Yesterday, my eight-year-old daughter came over to where I was having a conversation with my six-year-old son and tugged on my elbow.
“Mommy, I need to show you something.”
I asked her to wait a minute while I finished talked to Teddy. She said she couldn’t. Her face was pained. “PUH-LEEZE!!!!” she said.
So I asked Teddy to give us a minute (he didn’t want to, but he did) and Lil led me to the kitchen to show me something she clearly felt horrible about—her head was bowed and she looked like she wanted to crawl into a hole.
What she showed me was her Silly Putty, which was permanently adhered to a cloth napkin. She felt horrible that she’d ruined the napkin, and she was bummed that her beloved Silly Putty was now not usable. She didn’t want anyone else to know, including her brother and especially her Dad, whom she was afraid was going to give her a loud lecture.
I told her that Silly Putty is sticky, it’s only for playing with on non-sticky things, like tables, and that sadly, there wasn’t any way to get it off the napkin—it was toast and needed to be thrown out. I told her to put it in the trash, gave her a hug, and went back to Teddy.
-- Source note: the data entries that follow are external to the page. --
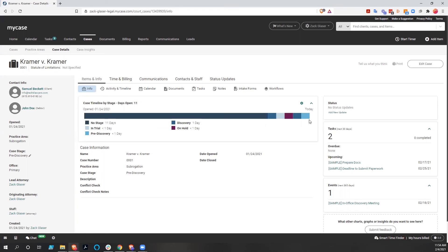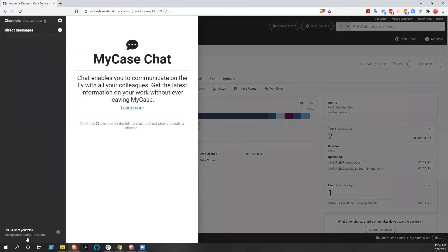Hopefully that was helpful and a decent look into the case stages and workflows of MyCase. If you want more information, I'm sure MyCase would be happy to give you a demonstration. They currently have free trial accounts you can use for a couple of weeks, which might help you get a feel for what's in here. One thing I think is very interesting that you might want to look at is the chat function, which is very much like Slack built into MyCase.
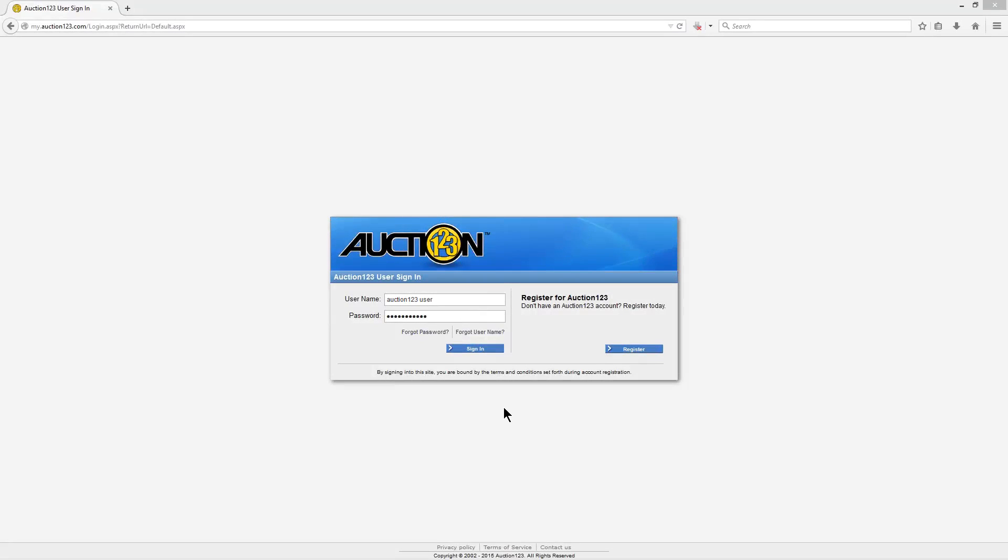This tutorial will demonstrate how to grant the token that allows Auction123 access to your eBay account and links the two accounts together. You'll also learn how to fix an invalid or expired token error.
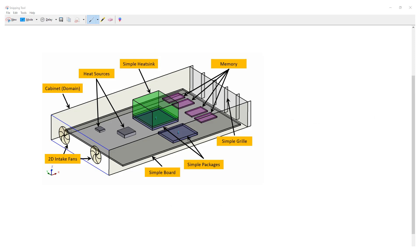We are going to start with an existing model for an electronics cooling enclosure. This enclosure has some heat sources inside and it also has two intake fans that blow air across the enclosure so that cooling is provided. Now let us assume that the fans have failed, so this is a catastrophic situation where now there is no forced cooling across the system.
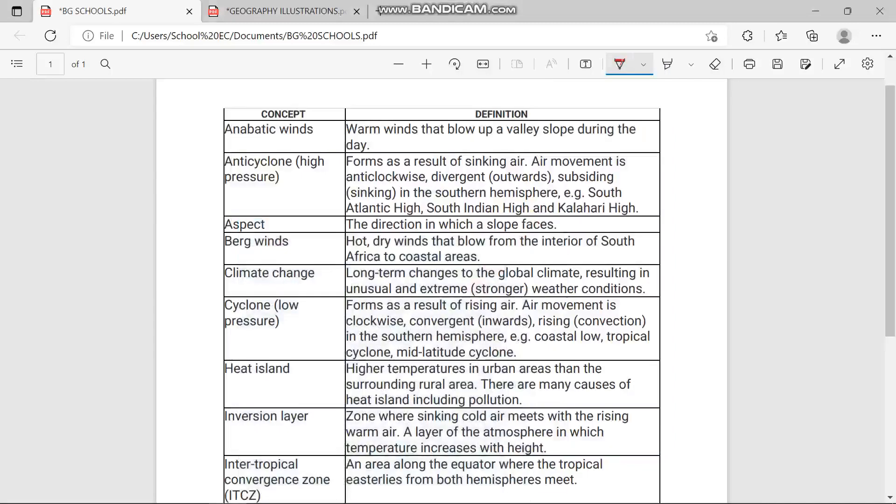Hey Grade 12, I hope you're doing good. Today we are going to be focusing on the vital concepts and the climate change-associated weather conditions in southern Africa. These terms we're going to be discussing today are very important to know and understand, so that you can give definitions and answer effectively in your multiple choice questions, tables, and column A and B matching questions.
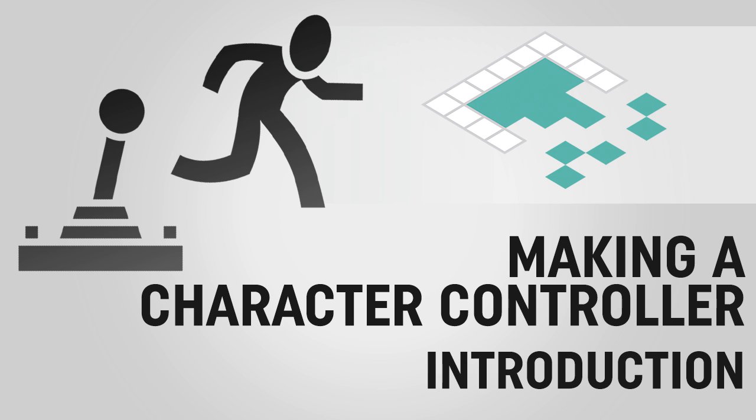First thing we're going to do in this series is create a very simple but working character controller, and then we're going to build it out so it's a lot more optimized and includes a lot more features.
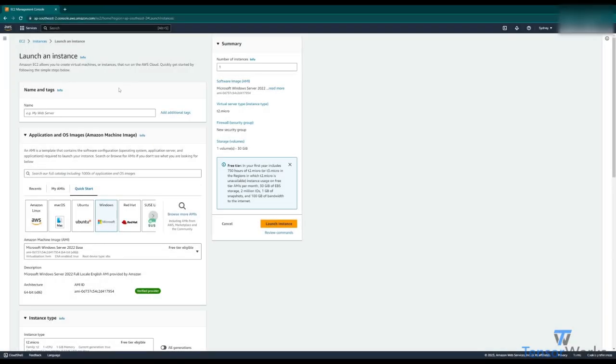Starting with, we need to give our instance a name. Let's give it something simple like PS AWS Demonstration. Perfect.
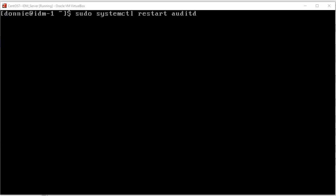Howdy, howdy folks. Once again, this is Donnie coming at you with another SystemD video.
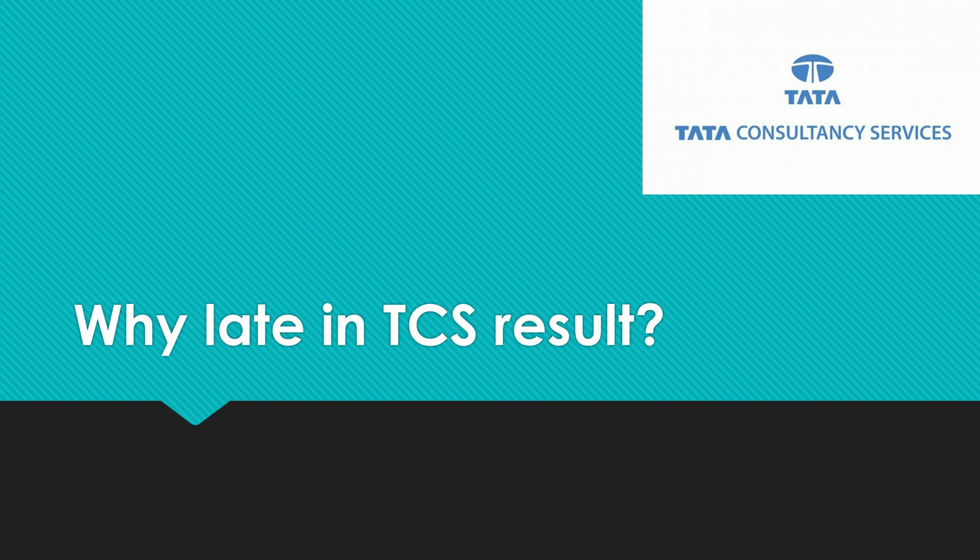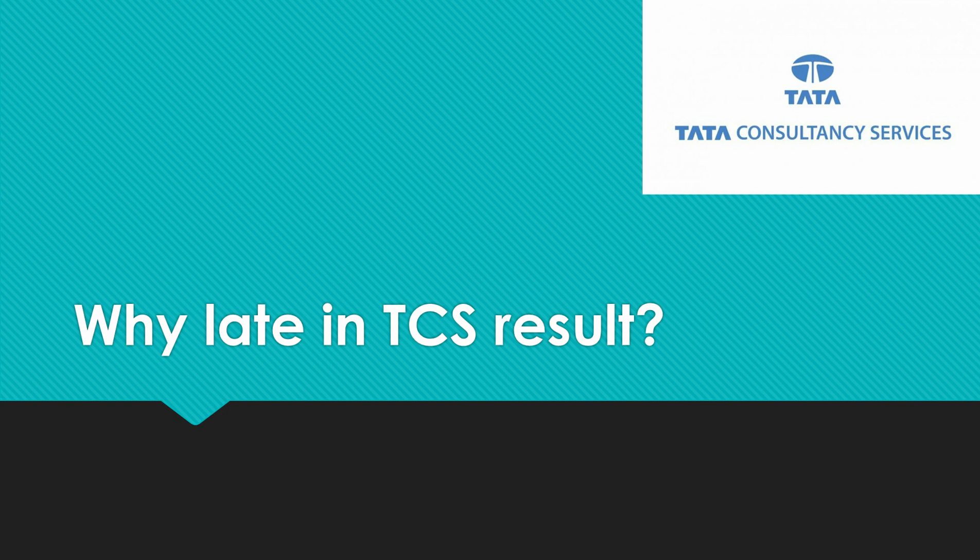Hey guys, welcome back to my channel. Nowadays many students are asking why there is a delay in TCS results and how much time it usually takes, so I came up with this video.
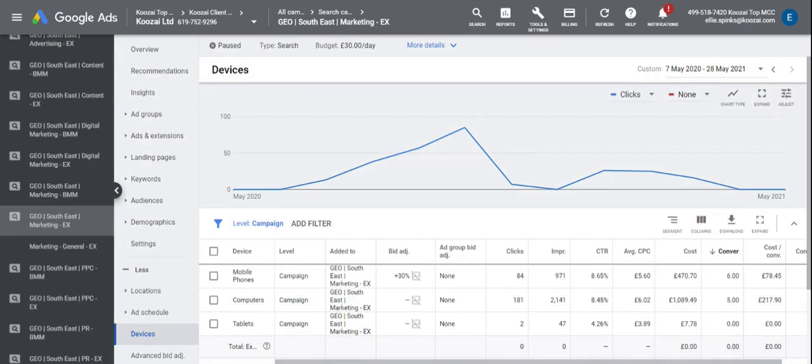In the same sense you can also bid down. So people using their mobiles and searching for your brand or products might not convert very well. You can make a negative bid adjustment which tells Google to bid down if someone is using a mobile device because we know that they don't convert as well.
This morning, I found the napkin balled up behind a planter in the kitchen.
This is what we as humans do—when there’s something we feel bad about, we try to stick it somewhere where no one will notice it and pretend it never happened.
It can work, for a while, but inevitably, whatever it is you’re trying to hide or forget will catch up to you.
If there’s anything in your life that you feel bad about—no matter how long ago it was, or how strongly you feel like you should be over it by now—I can promise you: It’s holding you back.
These unresolved incidents are like musty old cardboard boxes shoved in the back of your closet. Hey, one box isn’t such a big deal, right? But most people have at least a few of them, which starts to crowd out space for the stuff you like and that you actually want to be able to use in your life.
Sometimes these things you still feel bad about are small—the insensitive comment you made to a friend, the thing you lied about, the rubber ball you stole from the toy store when you were a kid (guilty!).
Sometimes they’re bigger—a dark time you lived through, a choice you were forced to make between two equally tough things, the choice you didn’t make, the way you didn’t show up for yourself or someone you love.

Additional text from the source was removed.